After this experience at the General Assembly, with the help of Chavis, a Bible Study was begun in Dinwiddie Government. It included county employees and pastors. The Bible Study was very successful and well-received, and Massengill suggested that all pastors and officials of the faith-based communities throughout the entire county, should have a voice, input, and be heard by Dinwiddie government, the school board, and the schools.

“Dinwiddie is a vast county of 507 square miles. If you were to take Colonial Heights, Petersburg, and Hopewell, geographically; all of Prince George County; and 41-percent of Chesterfield County; that is the size of Dinwiddie County. In large communities, what is extremely important is that you have community engagement opportunities. Our churches, in many ways, already serve in that capacity. So, all of us coming together today is serving to put us in that think tank role,” Massengill said.
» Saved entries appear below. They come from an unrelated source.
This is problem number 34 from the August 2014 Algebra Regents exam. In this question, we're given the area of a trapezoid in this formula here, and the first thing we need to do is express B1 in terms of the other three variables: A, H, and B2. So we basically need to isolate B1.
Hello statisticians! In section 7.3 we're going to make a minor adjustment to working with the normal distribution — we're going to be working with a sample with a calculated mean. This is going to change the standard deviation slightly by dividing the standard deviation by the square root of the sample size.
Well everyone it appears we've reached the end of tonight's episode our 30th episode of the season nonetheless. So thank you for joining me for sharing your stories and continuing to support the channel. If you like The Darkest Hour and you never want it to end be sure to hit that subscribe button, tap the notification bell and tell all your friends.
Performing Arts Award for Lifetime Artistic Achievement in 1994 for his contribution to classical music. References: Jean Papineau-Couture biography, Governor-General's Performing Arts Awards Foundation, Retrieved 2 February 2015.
Massengill went on to say that he has asked his staff many times about when reflecting on the issues of their lives—if their lives were more influenced by their Church and faith or if they are more influenced by the government. In years past, it was perhaps the Church that most of us turned to for most issues. In recent years, many feel that the government is now perhaps turned to for most issues affecting our lives. Is this right? Is this wrong?

“The government doesn’t always get things right. They have been known to screw things up,” said Massengill. “We try really hard to deliver the best services we can on a day-to-day basis. If you look specifically at any one government, especially with our social problems and other issues that exist, governments can fail, kingdoms fall, civilizations always seemed to be plagued with problems—and they do not last. One thing that we know will last, is our relationship with the faith-based communities, which is where the answers to so many problems exist. We have to listen to their input, voice, and advice,” said Massengill.
Massengill went on to point out that 58 times in the New Testament, the term “one another” is used. It is used to say help one another, love one another, be good to one another, and listen to one another. To many of those attending this first-ever meeting, it must have felt as if this first-ever collaboration of Dinwiddie government officials and employees; board of supervisors; school board members; school officials and employees; and members of the faith-based community from across the entire county; was one of these “one another” moments.
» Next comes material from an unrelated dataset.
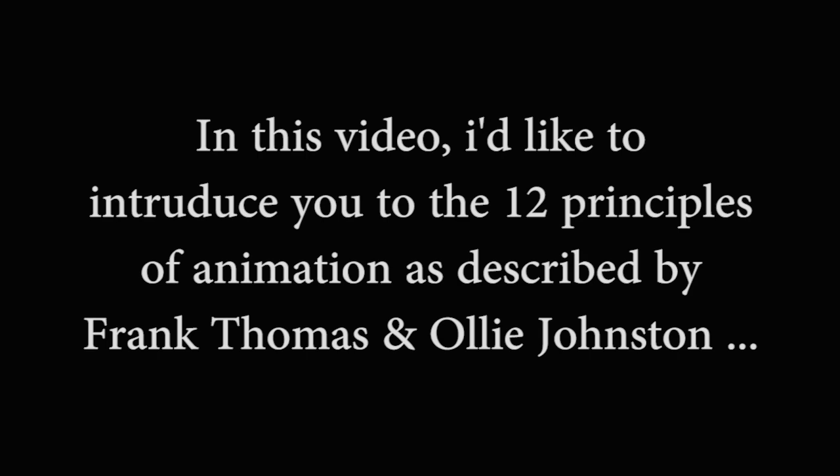In this video I would like to introduce you to the 12 principles of animation as described by Frank Thomas and Ollie Johnston, that would potentially make you a better animator.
Dr. Weston challenged participants to break up into groups—each group consisting of members of the faith community, government, and school officials. She instructed the groups to work on one thought: “What keeps you up at night?” All of the groups worked diligently on this question.

Afterwards, a pastor or church official went up to the podium and presented their group’s answers. A listing was made of the many varied and diverse answers. From this listing and responses, suggestions, and future collaboration; Kevin Massengill and Dr. Weston are going to take all pertinent information and develop an asset map for the county.

Clearly, this asset map is already well on its way, as one Church has already identified that it has a clothes closet for those in need; another has a program for single mothers; and yet another has a program for opioid addiction.
It is Massengill’s hope that a group consisting of 10 to 12 of the pastors or officials from the faith-based community, form a committee that would report to the county on a regular basis. He also plans that the entire group: to include government officials, the board of supervisors, school board members, school officials, and all of the representatives from the faith-based community meet several times each year.

Any Dinwiddie County pastors or church leaders that were unable to attend this initial meeting and would like to be notified of future meetings, please contact Stephanie Wray, at (804) 469-4500, extension 2103. With this continued collaboration and the constant update of the Assets map, the county will have a better handle on what it has in the way of assets, and identification of areas of need.

“Imagine the opportunities that will present themselves when we combine the wisdom, experience, and resources of the schools, county, and churches. We are about to move this county forward in a way that it has never seen before,” said Dr. Weston.